393.1121 Wong Bock Yue/18: Telegram
The Minister in China (Johnson) to the Secretary of State
[Received July 12—11:09 p.m.26]
565. Legation’s 514, June 28, 4 p.m.
1. Legation has made several informal inquiries of the Diplomatic Bureau concerning the status of this matter and have been informed that the Garrison Headquarters is unwilling to hand over Wong and had referred the question to lawyer [of] Yen. Chu, Chief of the Diplomatic Bureau, went to Taiyuan to interview Yen over a week ago and Legation was informed that Chu would lay before Yen our side of the question. A reply from the Bureau to Legation’s demand [Page 525]of June 28th has now been received, quoting the Garrison Headquarters as follows:
“In connection with this case, the American Legation considers that Wong Bock Yue is an American citizen because the American nationality law emphasizes the principle of birthplace. Since Wong Bock Yue was born in San Francisco he is considered to be an American citizen. However, on the part of China, Wong Bock Yue is considered to be a Chinese citizen because the Chinese nationality law emphasizes the principle of ancestry. While Wong Bock Yue was born in San Francisco within the territory of the United States of America his father was a Chinese resident there and he is of course a Chinese citizen. Furthermore Wong Bock Yue was formerly a member of the second Senate; this presents even clearer evidence of his Chinese nationality. We regret that we are unable to comply with the demand of the American Legation for the transfer of custody.”
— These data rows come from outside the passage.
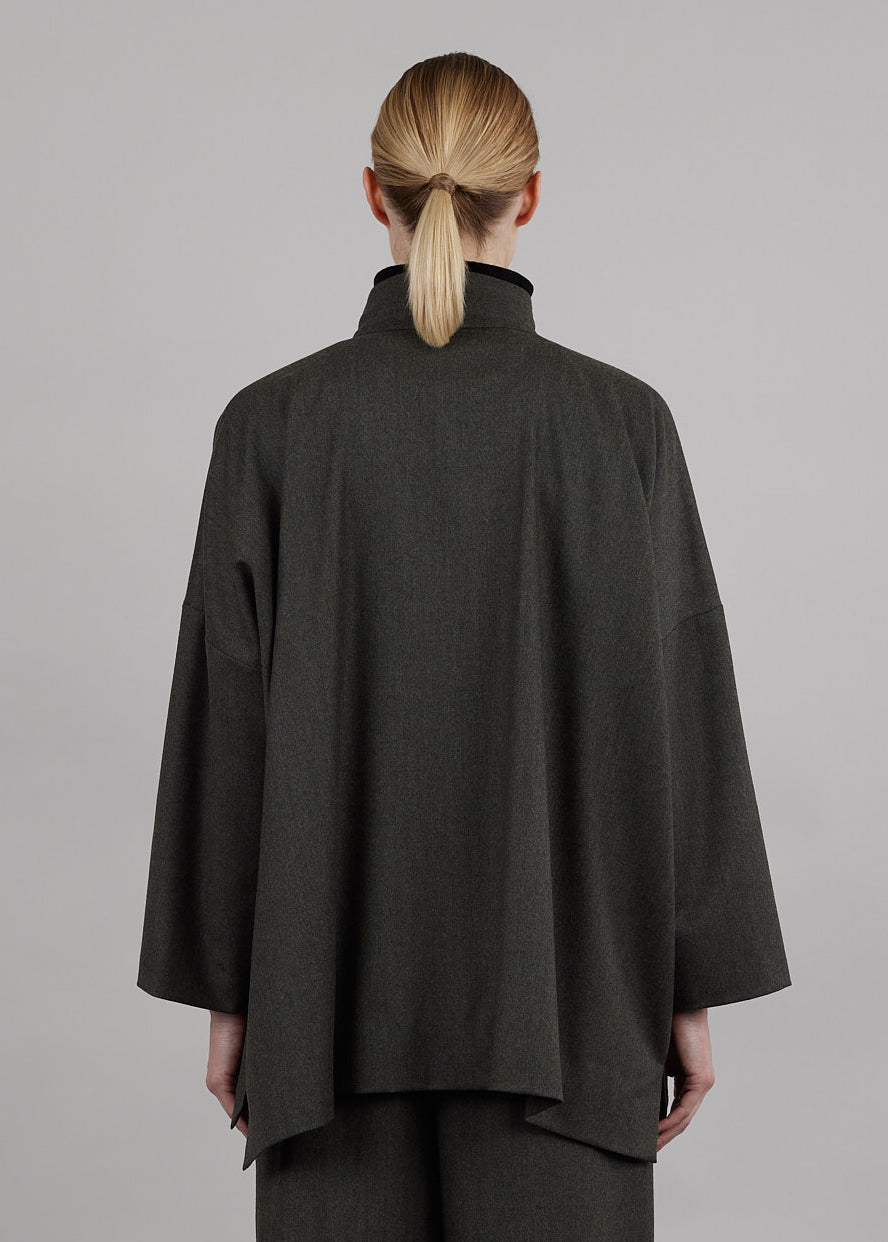 wide longer back double stand collar jacket - long
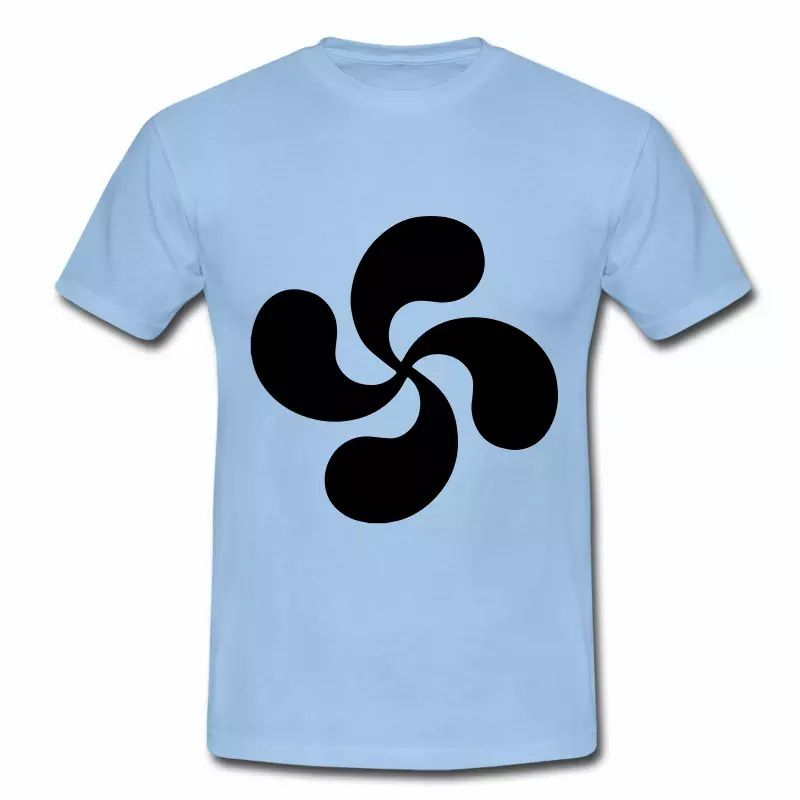 T shirt Pays Basque bleu c homme Croix Basque noir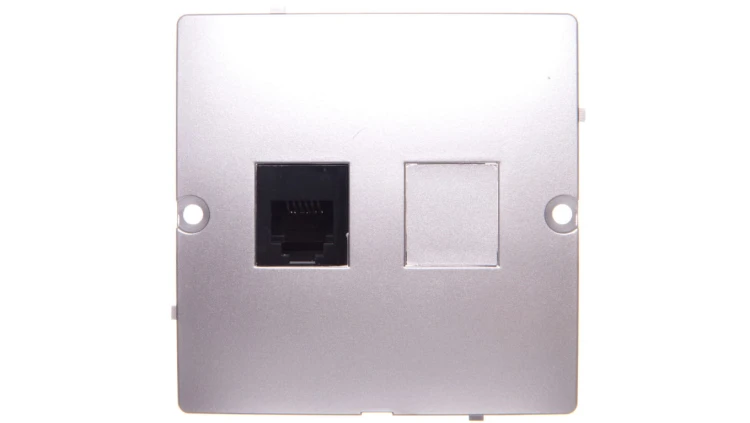 Simon Basic Gniazdo telefoniczne RJ12 srebrny mat BMT1.02/43
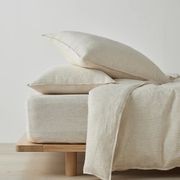 Ravello Linen Flat Sheet - Savanna Pinstripe | Weave Home gallery detail image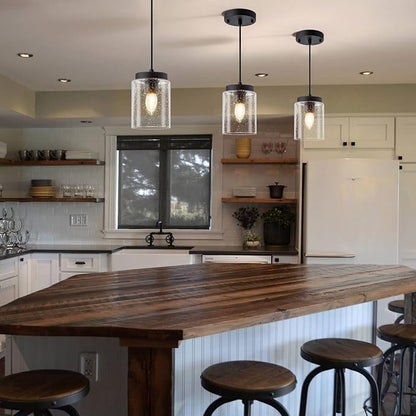 3 Pack Seeded Glass Pendant Light Black Pendant Lighting Modern Mini Hanging Lighting Adjustable Cord for Kitchen Island Dining Room Sink,4.7in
2. Wong has resided approximately fifteen years in China, mostly in Peiping which is not a treaty port; he has never applied for registration as an American citizen; he applied for an American passport in 1925 but he at no time called at the Consulate in Tientsin to obtain it; he has served as a member of the Chinese Senate to which only Chinese citizens are eligible; held a protracted residence in China and has apparently held himself out as a Chinese citizen and has been recognized as such by the Chinese Government. In view of the foregoing, the Legation, so far as regards the merits of the case, very much questions the advisability of continuing actively to assert Wong’s American citizenship. See Department’s instruction to Canton December 9, 1927, concerning the case of Ming Jue.27 The Department’s further instructions are requested.